Foundry Vineyards: a family bond — iron clad
WALLA WALLA, Wash. — It all started with metal.
Mark Anderson founded the Walla Walla Foundry in 1980.
He has a studio arts degree from Whitman College, falling in love with contemporary art.
“To try to express an idea about politics, or the world, or about the environment,” he said. “Those are the things that I felt were engaging.”
His children, Lisa and Jay, also have art degrees. Along with his wife, the family runs the Foundry, producing art pieces designed by artists worldwide.
“I grew up with these internationally renowned artists at my dinner table,” Lisa Anderson said.
A few blocks from the metal facility sits the family’s tasting room.
“Really our slogan is art plus wine,” Lisa explained.

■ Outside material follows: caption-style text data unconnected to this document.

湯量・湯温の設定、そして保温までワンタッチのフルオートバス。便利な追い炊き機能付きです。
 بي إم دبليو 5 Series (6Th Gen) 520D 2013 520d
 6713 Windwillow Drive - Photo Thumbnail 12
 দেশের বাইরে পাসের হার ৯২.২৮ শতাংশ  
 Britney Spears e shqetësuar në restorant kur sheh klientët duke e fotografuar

In 1998, Mark Anderson decided to plant some new seeds.
“Try to be connected to something that was happening in my hometown,” he said.
A small plot of grapes expanded over the next few years. By the mid 2000s, the Andersons released a series of Foundry Vineyards wines, now producing 2,500 cases a year.
“I like the labels,” one visiting taster said, gesturing to the vividly painted bottle designs.
The tasting room also serves as a gallery, art exhibits lining the walls, and metal sculptures from the Foundry gracing the outdoor courtyard.
“This one really becomes mesmerizing,” Lisa Anderson said, pointing up at towering metal creation.
The stainless steel object is called Azlon, designed by Anthony Howe, an artist featured in the Rio Olympics.
Swooping spires swirl in the wind, resembling a sea anemone-like flower.
“It moves with about seven miles per hour of wind if it’s going in the right direction,” Lisa said.
The Andersons are grateful to marry two passions, coming back to their local roots with the growing Walla Walla wine industry.
However, they also hold tightly to their niche, producing and displaying art across the United States, Europe, and Asia.
“The foundry isn’t one particular person, it’s now about 125 people,” Mark Anderson said. “Each one performing a task to the best of their ability.”
A family bond – iron clad.
“That’s unusual, and that’s a real blessing,” he said.